Calibre, GhostScript and creating searchable PDFs...?

Question

Calibre, GhostScript and creating searchable PDFs...?

Apologies in advance for the stretch on category, Calibre and Ghostscript are not, per se, Mac technologies but the following questions are Mac based, in particular, Catalina. In a search of the Web I was unable to locate a community or forum specific to Ghostscript, although there is one for Calibre.

The Web search for Ghostscript did find numerous questions and answers in this Apple sub forum, so here I am. If any of you can direct me to a Ghostscript forum, please do.

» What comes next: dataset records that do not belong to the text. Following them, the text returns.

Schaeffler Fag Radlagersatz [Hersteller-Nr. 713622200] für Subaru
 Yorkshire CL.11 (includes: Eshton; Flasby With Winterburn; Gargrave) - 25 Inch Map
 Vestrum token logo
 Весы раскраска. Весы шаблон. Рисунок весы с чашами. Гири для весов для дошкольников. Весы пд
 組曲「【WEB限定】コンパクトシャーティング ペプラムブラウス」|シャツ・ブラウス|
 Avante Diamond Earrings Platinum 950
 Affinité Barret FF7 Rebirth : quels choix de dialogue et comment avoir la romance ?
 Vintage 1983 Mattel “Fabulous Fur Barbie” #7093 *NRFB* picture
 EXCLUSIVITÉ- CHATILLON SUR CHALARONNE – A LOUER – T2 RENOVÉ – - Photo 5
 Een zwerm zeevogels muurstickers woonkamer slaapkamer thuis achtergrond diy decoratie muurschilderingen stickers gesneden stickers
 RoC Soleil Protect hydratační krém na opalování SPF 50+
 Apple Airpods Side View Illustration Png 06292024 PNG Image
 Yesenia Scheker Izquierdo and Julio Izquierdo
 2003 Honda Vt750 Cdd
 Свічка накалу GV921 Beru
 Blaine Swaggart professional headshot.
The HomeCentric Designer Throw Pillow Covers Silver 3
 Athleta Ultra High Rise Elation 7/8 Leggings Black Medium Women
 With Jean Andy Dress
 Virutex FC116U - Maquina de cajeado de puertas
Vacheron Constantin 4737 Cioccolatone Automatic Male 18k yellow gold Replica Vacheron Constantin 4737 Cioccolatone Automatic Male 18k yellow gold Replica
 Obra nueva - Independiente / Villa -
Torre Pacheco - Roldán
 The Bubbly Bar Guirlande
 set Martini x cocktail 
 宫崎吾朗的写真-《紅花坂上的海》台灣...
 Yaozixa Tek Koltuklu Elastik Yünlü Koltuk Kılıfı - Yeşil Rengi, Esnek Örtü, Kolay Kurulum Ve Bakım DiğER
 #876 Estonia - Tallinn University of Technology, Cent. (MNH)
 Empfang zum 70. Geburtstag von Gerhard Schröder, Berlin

One of the processes I utilize as a researcher is to place all of my source material into a digital archive subdivided into directories for books and another for papers. That categorization may seem arbitrary, as many papers are as long as books. The separation has more to do with the process required to get everything into a single, consistent format that allows global searches across the entire archive.

Papers are rarely a problem but digital books are an entirely different species, they require a good deal of work in order for them to be accurately searched, primarily to ensure that a digital work is not missed.

99 percent of the time, research papers come in the form of PDFs. Don't get me wrong, they do have problems but they are mostly, internal, small and predictable. Digital books come in eBook formats, overwhelmingly .epub, as well as, .mobi, .djvu and a smattering of PDFs.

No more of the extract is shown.